Catatan Perjalanan Manusia Menuju Keabadian – Arc Dunia Abadi - MTL - Chapter 1219
Bab 1219: Pertempuran Pertama
Han Li mengamati panggung itu dan mendapati bahwa semua nama terkenal yang disebutkan Zhou Xianyang hadir, termasuk Luo Yuanshan dari Hutan Penyesalan Biru, Gadis Surgawi Ziluo, dan tentu saja, Sikong Jian dari Puncak Matahari Tunggal.
Para penonton di plaza jelas juga tidak menyukai tindakan ini, dan sorakan cemoohan bergema di seluruh plaza.
Sikong Jian tetap tenang, dan meskipun semua cemoohan bergema, semua orang juga tidak bisa menahan rasa iri terhadap ketidakmaluannya. Lagipula, jika dia berhasil mendapatkan Token Bodhi, maka ketidakmaluannya akan sepenuhnya terbukti benar.

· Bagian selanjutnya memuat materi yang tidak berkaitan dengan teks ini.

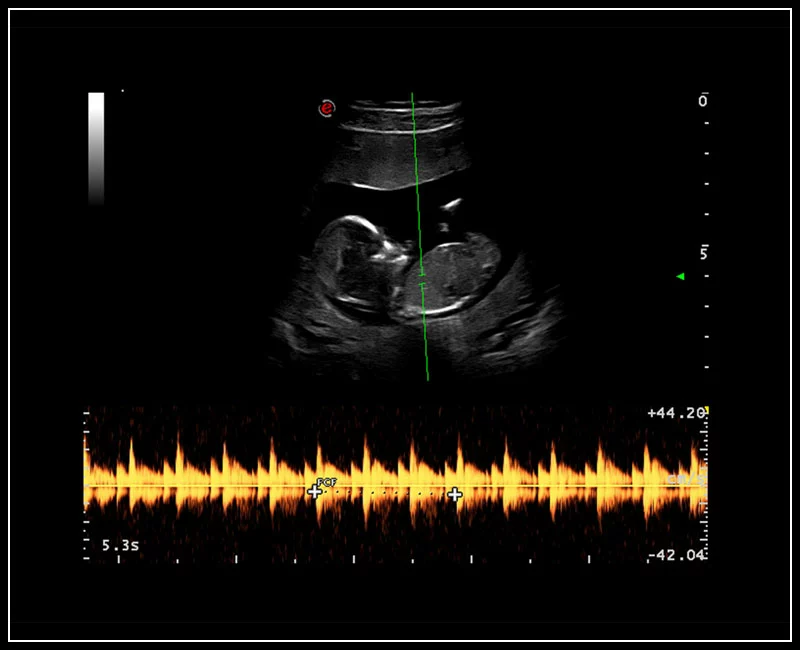 MyLab™9 Platform - easyTrace to maximize Doppler performance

Secara keseluruhan, ini bukanlah pertaruhan yang buruk bagi Sikong Jian.
“Pemimpin Sekte Zhou, jika Rekan Taois Chang berhasil menarik Sikong Jian, maka dia sebaiknya memastikan untuk menang. Dengan begitu, bukan hanya reputasi Puncak Matahari Tunggal yang akan hancur lebur, Anda juga bisa memberinya pembalasan yang setimpal,” kata Zhao Yuanlai sambil tersenyum.
“Kita tidak bisa mengandalkan kebetulan seperti itu,” jawab Zhou Xianyang sambil tersenyum, dan meskipun mengalahkan Sikong Jian tentu akan menjadi kemenangan yang sangat manis, dia masih berharap Han Li tidak perlu menghadapinya dalam pertempuran.
Lagipula, sebagai pemimpin sekte, Sikong Jian akan jauh lebih kuat daripada kebanyakan, jika bukan semua pesaing lainnya, dan dia terkenal karena karakternya yang licik dan curang, jadi wajar jika semua orang berharap tidak harus berhadapan dengannya.
“Di sini saya punya sembilan puluh enam bola bernomor. Kalian masing-masing akan mengambil satu, dan nomor yang kalian pilih akan ditentukan untuk kalian. Nomor satu akan berhadapan dengan nomor sembilan puluh enam, nomor dua akan berhadapan dengan nomor sembilan puluh lima, dan seterusnya. Mengerti?” tanya penatua yang memimpin upacara.
“Baik,” jawab semua peserta serempak.
“Mulailah,” kata sesepuh itu sambil melemparkan sembilan puluh enam bola bernomor ke udara, dan bola-bola itu mulai bersinar seperti bintang-bintang yang bercahaya saat melayang di atas kepala semua orang.
Semua peserta mengayunkan lengan baju mereka ke udara untuk mengambil sebuah bola, dan setelah mengambil satu bola untuk dirinya sendiri, Han Li menyuntikkan secercah kekuatan spiritual abadi ke dalamnya, yang kemudian memunculkan angka “sembilan puluh satu”.
Semua orang lainnya segera memperlihatkan nomor mereka juga, dan mengingat Sikong Jian adalah favorit utama dalam acara tersebut, banyak orang langsung menoleh kepadanya untuk memeriksa nomornya.
Di tengah sorotan semua orang, Sikong Jian tidak berusaha menyembunyikan nomor punggungnya sendiri, mengangkat bola di tangannya tinggi-tinggi untuk memperlihatkan angka “sembilan puluh” yang tertera di atasnya.
Sebuah erangan keras terdengar di tengah kerumunan, dan semua orang menoleh untuk melihat seorang pria berkulit hijau dengan tanduk di kepalanya, menatap Sikong Jian dengan keputusasaan yang mendalam.
Semua orang menghela napas lega sekaligus merasa cukup bersimpati kepada lawan Sikong Jian yang malang.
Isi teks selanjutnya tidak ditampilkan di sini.